• REQUIRED WORK:
Between the line containing "15 Taylors Lane, The Whiteman NSW 2460" and the line containing "Aix & Co Working" lies a run of lines; give that run again exactly, with both of those lines, and nothing else from the entries below.

══ ENTRIES SUPPLIED

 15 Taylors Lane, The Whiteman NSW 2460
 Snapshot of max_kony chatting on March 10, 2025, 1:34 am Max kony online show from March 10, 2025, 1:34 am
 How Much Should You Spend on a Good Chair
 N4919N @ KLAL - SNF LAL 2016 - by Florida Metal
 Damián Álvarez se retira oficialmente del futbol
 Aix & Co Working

════
══ ENTRIES SUPPLIED

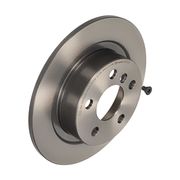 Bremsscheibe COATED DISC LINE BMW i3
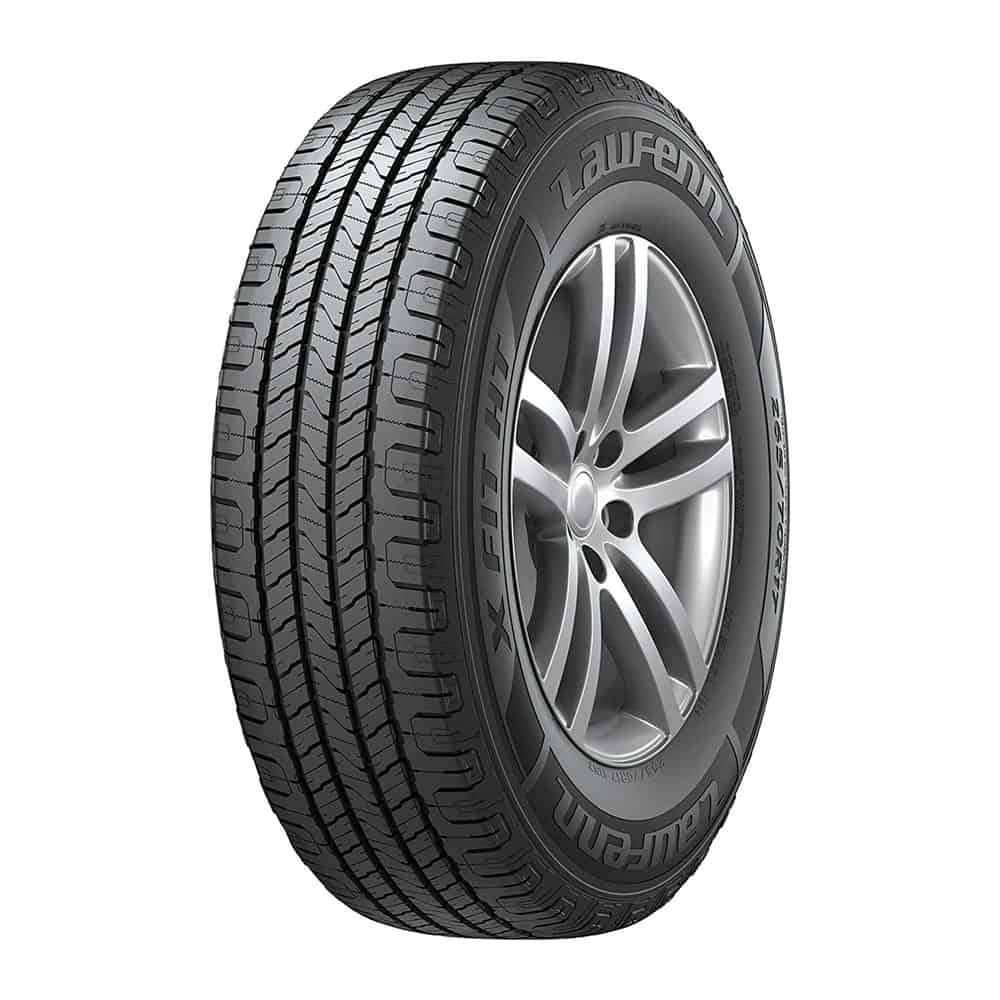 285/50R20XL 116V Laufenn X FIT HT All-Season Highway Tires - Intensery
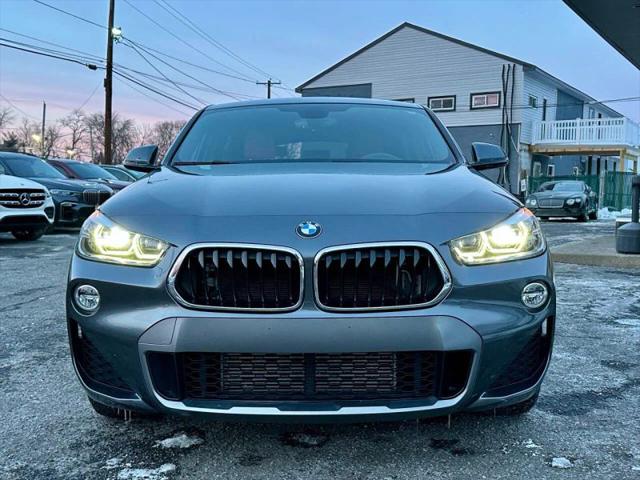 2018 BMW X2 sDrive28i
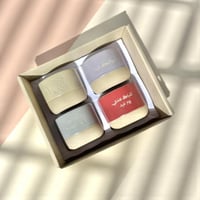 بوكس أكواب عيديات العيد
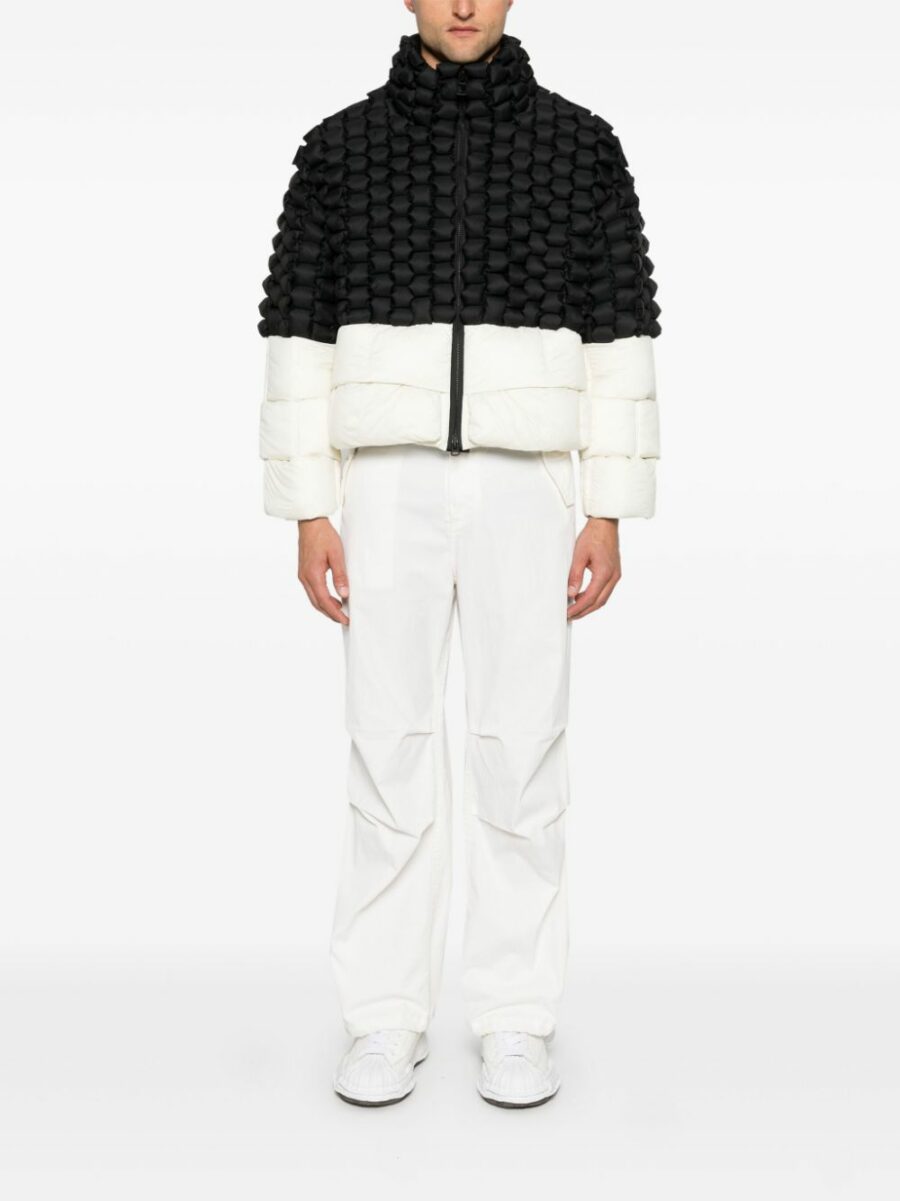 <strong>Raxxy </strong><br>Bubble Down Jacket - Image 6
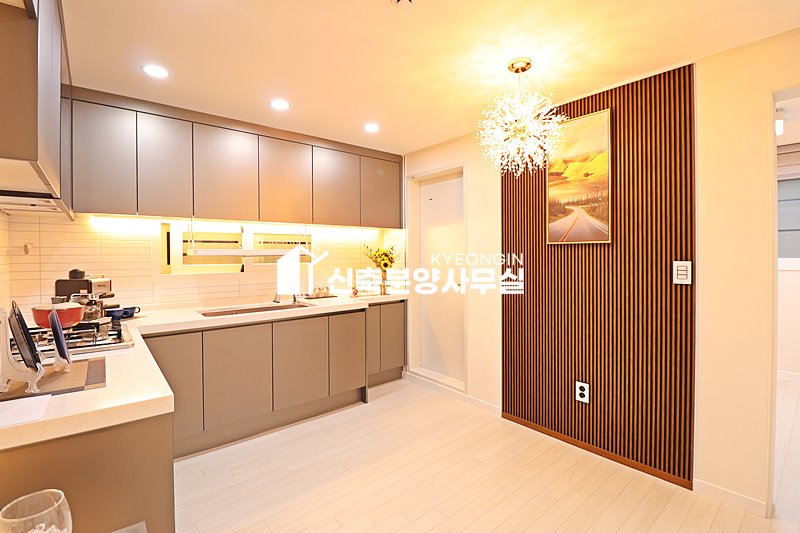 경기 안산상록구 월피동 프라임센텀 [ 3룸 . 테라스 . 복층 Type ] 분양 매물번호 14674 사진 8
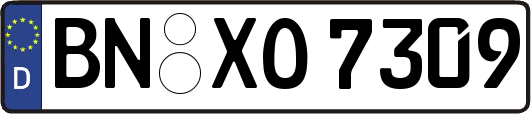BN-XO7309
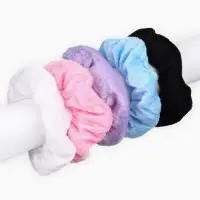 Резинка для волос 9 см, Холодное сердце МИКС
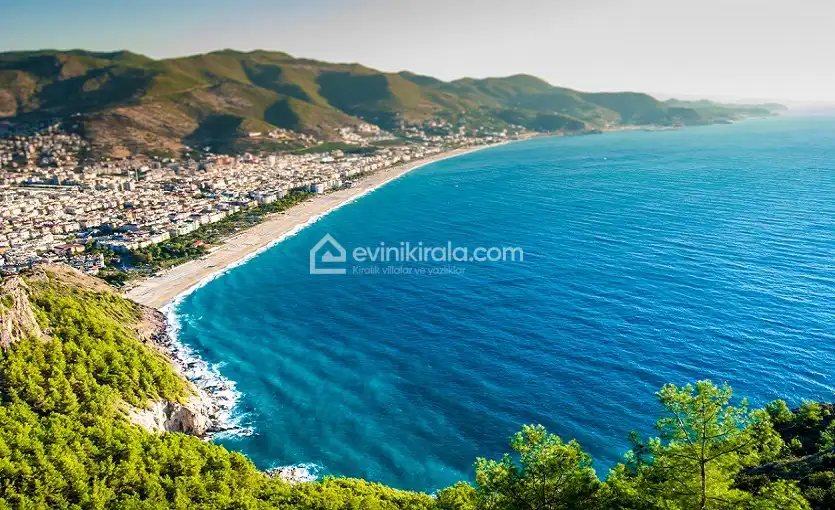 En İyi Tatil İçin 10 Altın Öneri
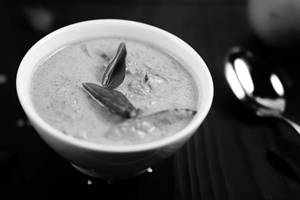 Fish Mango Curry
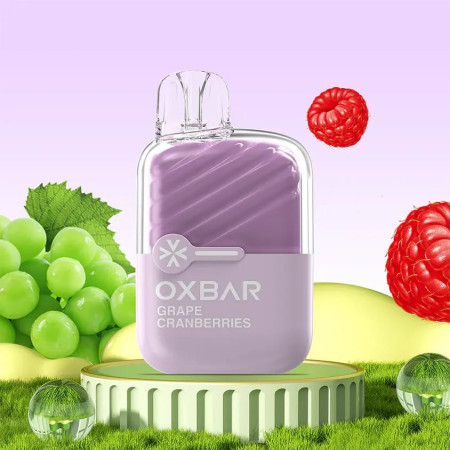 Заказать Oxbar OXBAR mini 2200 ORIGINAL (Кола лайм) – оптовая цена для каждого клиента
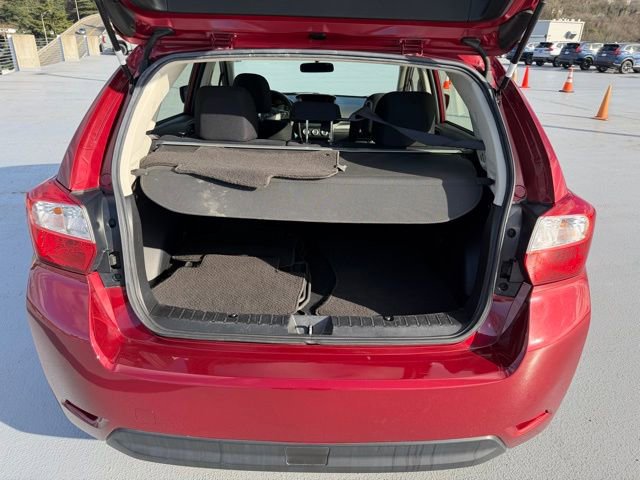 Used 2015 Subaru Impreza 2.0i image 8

════
══ ENTRIES SUPPLIED

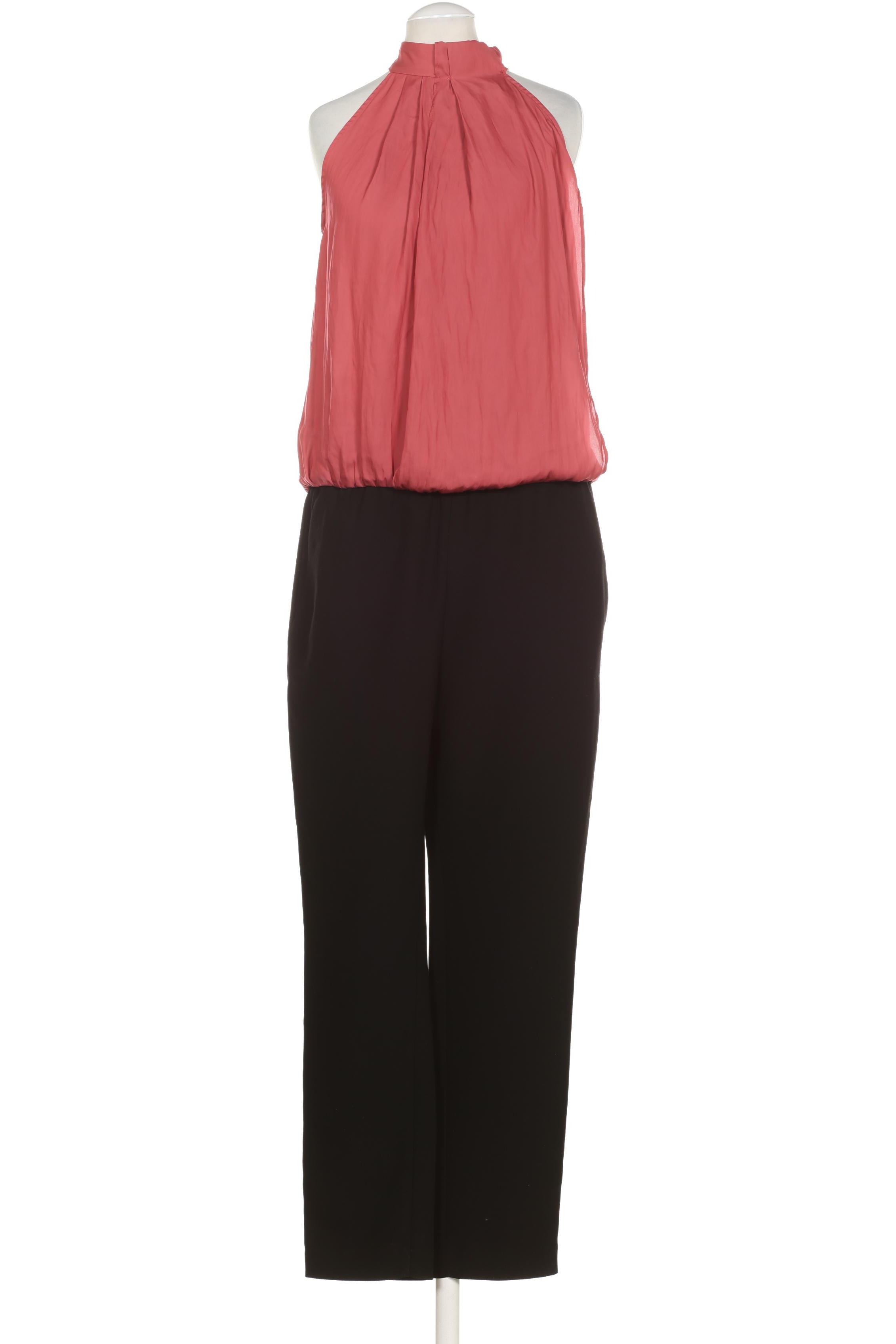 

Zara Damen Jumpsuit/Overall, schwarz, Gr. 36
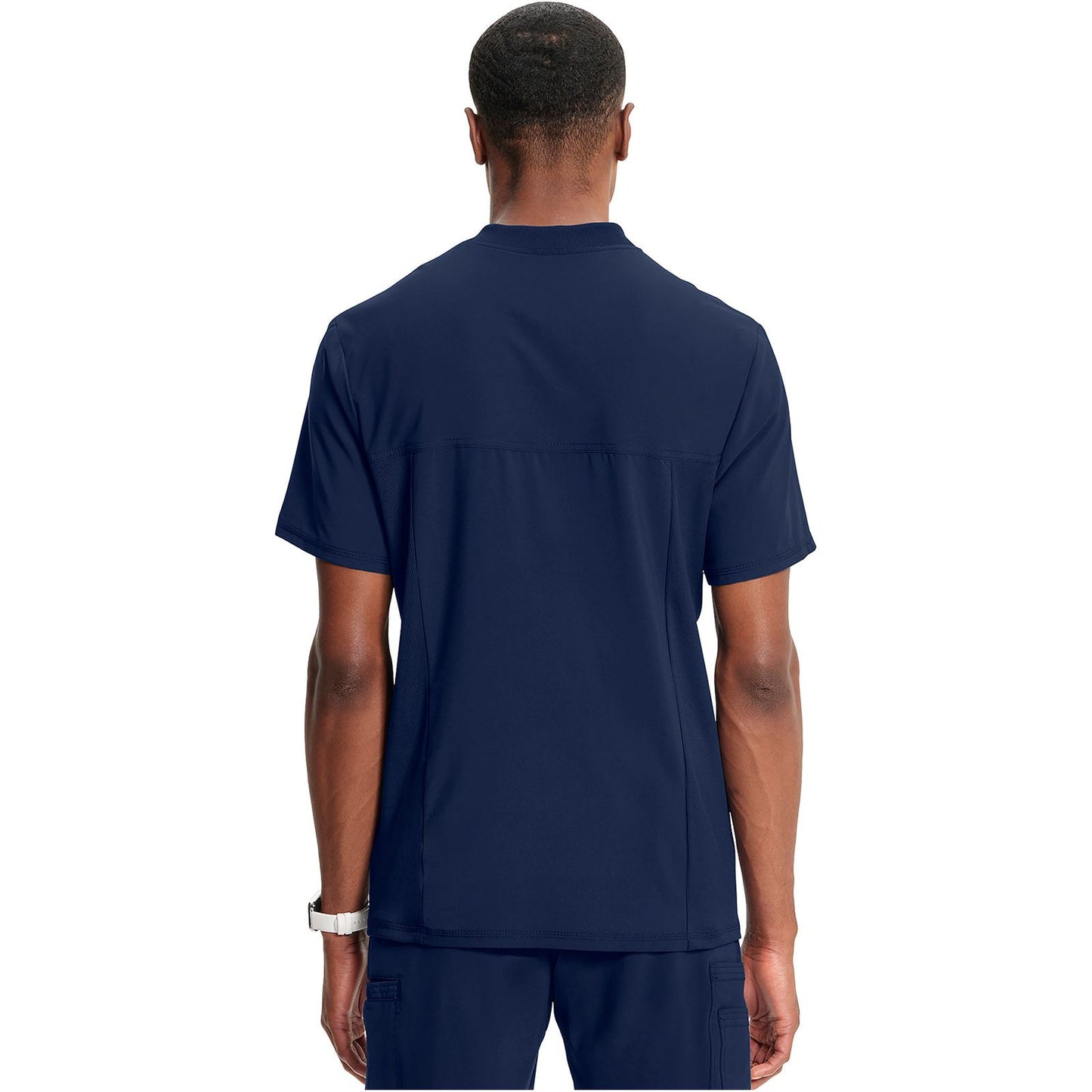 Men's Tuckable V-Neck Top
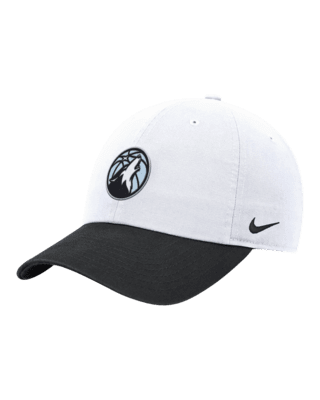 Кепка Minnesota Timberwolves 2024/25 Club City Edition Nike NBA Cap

════

• RESPONSE TO THE TASK:
 15 Taylors Lane, The Whiteman NSW 2460
 Snapshot of max_kony chatting on March 10, 2025, 1:34 am Max kony online show from March 10, 2025, 1:34 am
 How Much Should You Spend on a Good Chair
 N4919N @ KLAL - SNF LAL 2016 - by Florida Metal
 Damián Álvarez se retira oficialmente del futbol
 Aix & Co Working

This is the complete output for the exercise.